Just to be clear, did you run with "direct=1" on your fio tests? I
would also recommend disabling the librbd in-memory cache for random
IO tests against fast storage (rbd cache = false).
Yes, of course, I ran it with -direct=1 -sync=1.
Thanks for the hint, I retested it without the cache. The numbers are
closer now. 1456 iops with Q=1 against a single NVMe OSD and 17470 iops
with Q=128 against the whole cluster (with cache it's only 1350 and 9950
iops, respectively). There's definitely something wrong with this
cache...
Kernel client gives 1550 iops with Q=1 (single OSD) and 23530 iops
(whole cluster) with Q=128. I'm running it in a cluster currently in use
so the load varies, but krbd still seems faster.

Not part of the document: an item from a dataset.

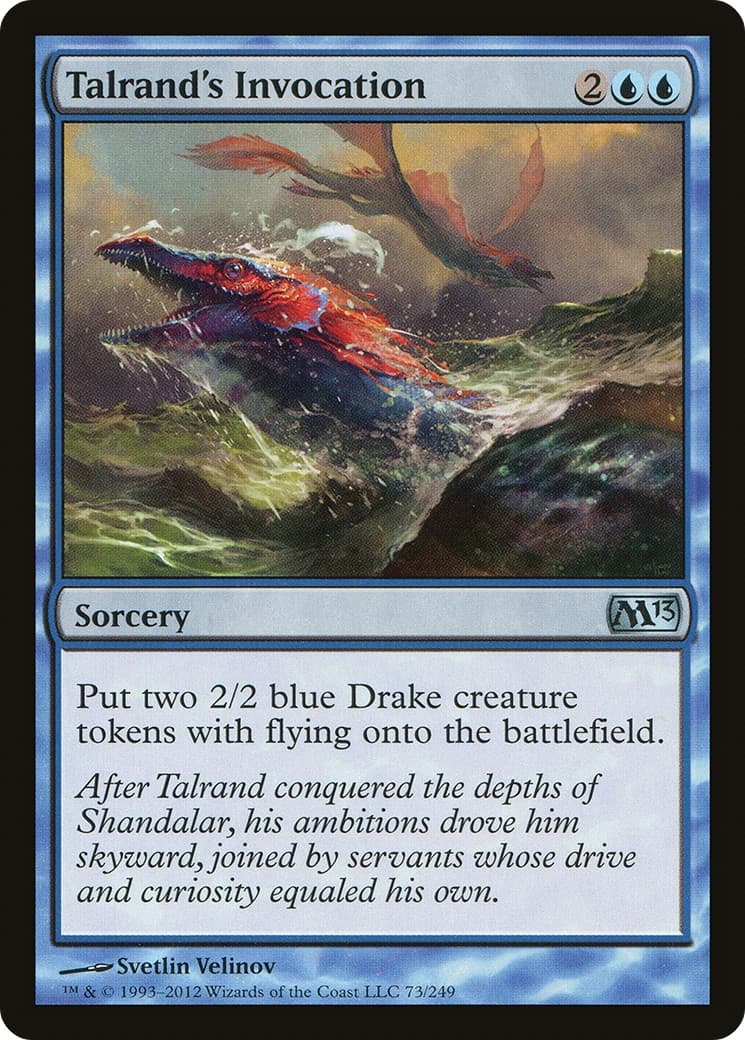 Talrand's Invocation - Image 1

Semi-recent performance tests against the librbd vs krbd against a
single NVMe-backed OSD showed 4K random write performance at around
75K MiBs/s for krbd and 90 MiBs/s for librbd -- but at the expense of
nearly 4x more client-side CPU for librbd. krbd pre-allocates a lot of
its up-front memory in slab allocation pools and zero-copies as much
as possible. librbd/librados are heavily hit w/ numerous C++ small
object heap allocations and related initialize/copy operations.
I can't achieve such numbers even with the rbd cache disabled. It only
gives me ~9500 iops, same for librbd and krbd when I'm testing it
against a single NVMe OSD. Probably the CPU is not that great (~8 years
old 2.2 ghz xeon), the benchmarked OSD eats ~650% CPU during testing.
Also I have message signatures disabled (cephx_sign_messages = false).
Without disabling them it was even worse...
--
With best regards,
Vitaliy Filippov